Results We propose a data-driven QC metric (miQC) that jointly models both the proportion of reads mapping to mtDNA genes and the number of detected genes with mixture models in a probabilistic framework to predict the low-quality cells in a given dataset. We demonstrate how our QC metric easily adapts to different types of single-cell datasets to remove low-quality cells while preserving high-quality cells that can be used for downstream analyses.
Availability Software available at https://github.com/greenelab/miQC. The code used to download datasets, perform the analyses, and reproduce the figures is available at https://github.com/greenelab/mito-filtering.
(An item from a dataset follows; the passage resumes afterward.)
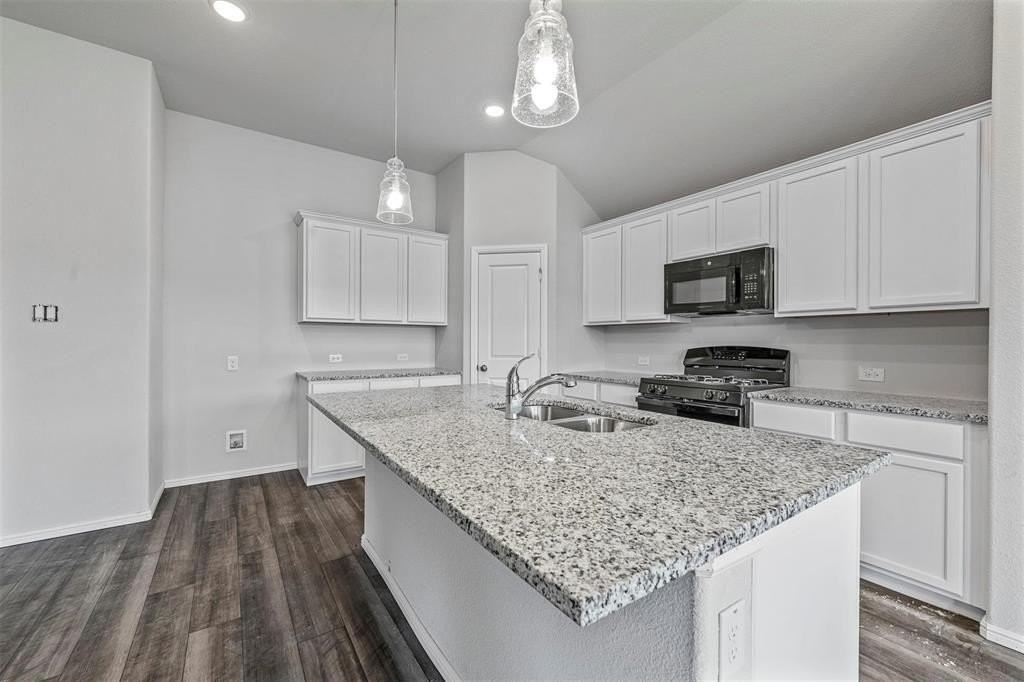 1944 Javelina St - Photo 2 of 24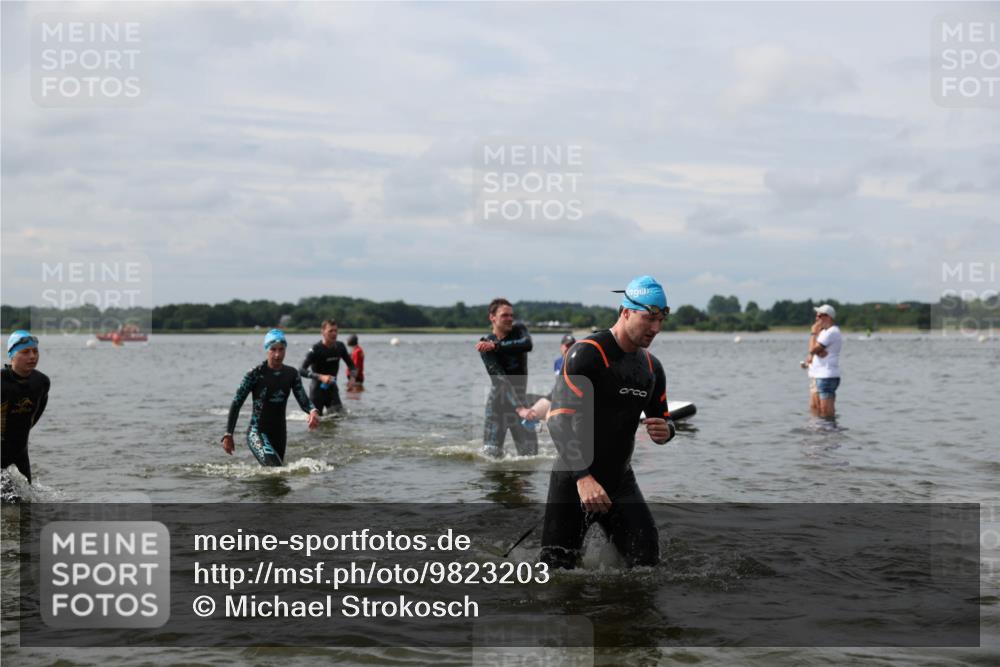 21.06.2026 - Viking Triathlon Michael Strokosch http://msf.ph/oto/9823203 21.06.2026 10:38:33 Schwimmen 53, 55, 144, 300, 303, 316, 397, 419, 546, 567, 666 meine-sportfotos.de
Contact Stephanie C. Hicks (shicks19{at}jhu.edu) and Anna Vähärautio (anna.vaharautio{at}helsinki.fi)
1 Introduction
Recent advances in single-cell RNA-sequencing (scRNA-seq) technologies have enabled genome-wide profiling in thousands to millions of individual cells [1]. As these technologies are relatively costly, researchers are eager to maximize the information gain and subsequent statistical power from each sample and experiment [2]. scRNA-seq is also extremely sensitive to poor or degraded sample quality, which is a particular concern for tissues, such as tumors, obtained during extensive surgeries or other long-duration procedures [3, 4]. It is crucial that ‘compromised’ cells (‘low-quality’ or ‘failed’ cell libraries in the library preparation process or cells that were dead at the time of tissue extraction) be removed prior to downstream analyses to mitigate against discovered results stemming from a technical artifact instead of meaningful biological variation [5, 6]. These considerations have inspired a wealth of research into best practices for quality control (QC) in scRNA-seq [7–9].
One widely used QC metric to identify a compromised cell is if the cell includes a high proportion of sequencing reads or unique molecular identifier (UMI) counts that map to mitochondrial DNA (mtDNA) encoded genes. Mitochondria are heavily involved in cellular stress response and mediation of cell death [10]. These sorts of cellular stresses can be products of the vigorous process of cell dissociation, and the inclusion of these transcriptionally-altered cells can affect downstream analysis outcomes [5]. Additionally, a high abundance of counts mapping to mtDNA genes can indicate that the cell membrane has been broken, and thus cytoplasmic RNA levels are depleted relative to the mRNA protected by the mitochondrial membrane [11]. For these reasons, it is standard practice to remove cells with a large percentage of reads or UMI counts mapping to mtDNA genes using some arbitrary and uniform thresholds, for example greater than 5% [12, 13]. However, recent work has shown these thresholds can be highly dependent on the organism or tissue, the type of scRNA-seq technology used, or the protocol specific decisions made as part of the disassociation, library preparation, and sequencing steps [9, 14, 15]. For instance, evidence suggests that cells that have been treated with certain RNA-preserving reagents prior to library preparation have a much higher mitochondrial fraction compared to fresh tissues [16].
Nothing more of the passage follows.